En bref, les Ukrainiens n’auront pas beaucoup de mal à trouver le type de carburant requis par l’Abrams, lequel accepte une large gamme de carburants (multifuel) dont le diesel agricole mais auront un mal fou pour approvisionner la bête à moins de disposer d’un puit de pétrole mobile…
S’il faut 10 minutes pour faire le plein (~2 tonnes), l’Abrams requiert près de 8000 litres de carburants toutes les six à huit heures en conditions normales l’utilisation. Cette proportion peut augmenter abruptement dans des conditions de combat, particulièrement en Ukraine. Au total, l’usage de dix chars Abrams nécessite en moyenne une disponibilité de près de 100 000 litres de carburants par demi journée de combat et ce, sans compter les lubrifiants, les pièces, les consommables et les munitions.

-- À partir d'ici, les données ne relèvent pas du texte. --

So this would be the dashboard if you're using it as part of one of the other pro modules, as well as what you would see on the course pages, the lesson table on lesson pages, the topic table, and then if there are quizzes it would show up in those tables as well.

On est très loin de la frugalité des technicals 4×4 Toyota sur lequels peuvent être installés des missiles antichars modernes et disposant d’une meilleure mobilité et d’une excellente autonomie sur le terrain.

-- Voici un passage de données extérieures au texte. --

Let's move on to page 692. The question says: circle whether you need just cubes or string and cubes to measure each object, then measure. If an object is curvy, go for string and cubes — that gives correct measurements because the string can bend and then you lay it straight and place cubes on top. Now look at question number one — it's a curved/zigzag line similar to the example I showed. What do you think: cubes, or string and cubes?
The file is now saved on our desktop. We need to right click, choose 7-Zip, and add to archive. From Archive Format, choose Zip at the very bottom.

On le répétera jamais assez mais il n’y pas d’armes miracles ou de Wunderwaffen à l’heure actuelle même si on a longtemps voulu présenter certains systèmes d’armes comme indestructibles (le Merkava israélien et l’Abrams US), cela tenait plus à un effet de guerre psychologique et à l’aspect marketing que d’une réelle capacité de survie, à fortiori pour un char de combat, lequel demeure paradoxalement l’un des éléments les plus vulnérables sur le champ de bataille s’il n’est pas protégé par un soutien aérien rapproché ou tactique ou la couverture combinée de l’artillerie et de l’infanterie mécanisée.

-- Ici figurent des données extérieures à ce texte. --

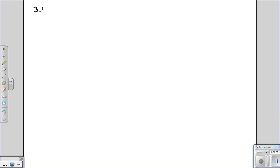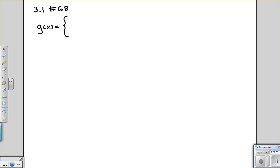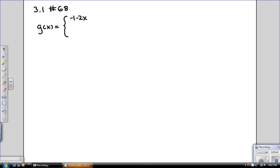Section 3.1, problem 68. In this problem, we are given a function g of x, and it is defined piecewise. The definition of g of x is split into three regions: it equals negative 1 minus 2x when x is less than negative 1, it equals x squared when x is between negative 1 and 1, and it equals x when x is greater than 1.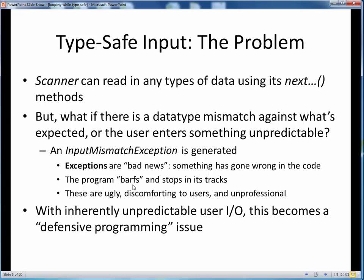Figuratively speaking, your program barfs or coughs up a lung and just stops in its tracks. Some sort of exception error message will be displayed, which is ugly for the user to see, and frankly it's just unprofessional, because something bad has happened that we didn't anticipate or design for. Because user input is inherently unpredictable, these types of things truly become a defensive programming issue, which is the downside to the upside of introducing input-output to our programs.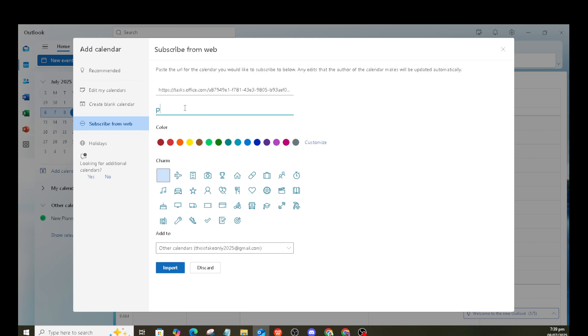Select this option and you're on your way to integrating your plan schedule with your Outlook calendar. This step ensures that all tasks, deadlines and important dates from Planner are added to your Outlook calendar, helping you keep track of your commitments without switching back and forth between apps.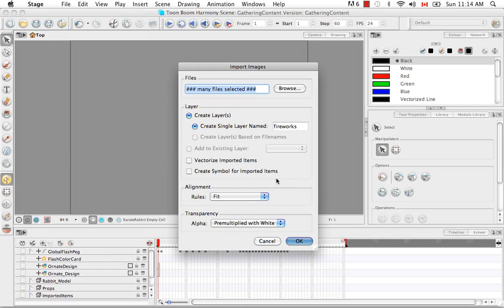I'm not going to vectorize and I'm not going to create a symbol. If you want to know more about alignment or transparency, you can refer to the video Importing a Bitmap Image Without Vectorization, where I've already gone over these options. If you want to vectorize, look at the video Importing and Vectorizing Images. I'm going to click OK.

L’introduction de l’Abrams sur le champ de bataille ukrainien est donc hautement symbolique et l’est même doublement du moment où elle consacre un vieux rêve remontant au jour où les forces US et soviétiques se sont rencontré sur l’Elbe (25 avril 1945 et dont les contours ont été correctement prévus par Hitler et l’OKH allemand dès 1944. C’est également la consécration d’une vieille obsession sous-jacente de la guerre froide 1.0. C’est au final le triomphe des faucons ayant fondé leur raison d’être sur une idéologie permettant la mise en place d’un système économique fondé sur la guerre en tant qu’unique moteur de croissance.
Il n’existe à l’heure actuelle aucun char de bataille qui puisse survivre à un barrage d’artillerie. De plus, l’évolution récente des drones kamikazes a démontré que certains chars sont vulnérables à des charges explosives de plus en plus puissantes délivrées sous certaines angles.
Lors de l’invasion US de l’Irak et l’insurrection subséquente à celle-ci , la censure militaire US tenait à ne jamais montrer les chars Abrams endommagés ou détruit. Il semble que cela ne soit plus le cas puisque la décision d’envoyer ces machines en Ukraine implique la diffusion publique des photographies et vidéos de leur destruction. Après avoir consommé toute la panoplie des productions militaires de l’ex-bloc de l’Est, la guerre en Ukraine sollicite toujours plus de destruction de matériel. La guerre est en effet un fait destructeur festif par excellence de l’accumulation. Détruire pour tout recommencer semble être la seule logique économique dans un monde où la guerre psychologique force les populations à la pénurie artificielle des ressources sous prétexte d’écologie à des fins de domination politique.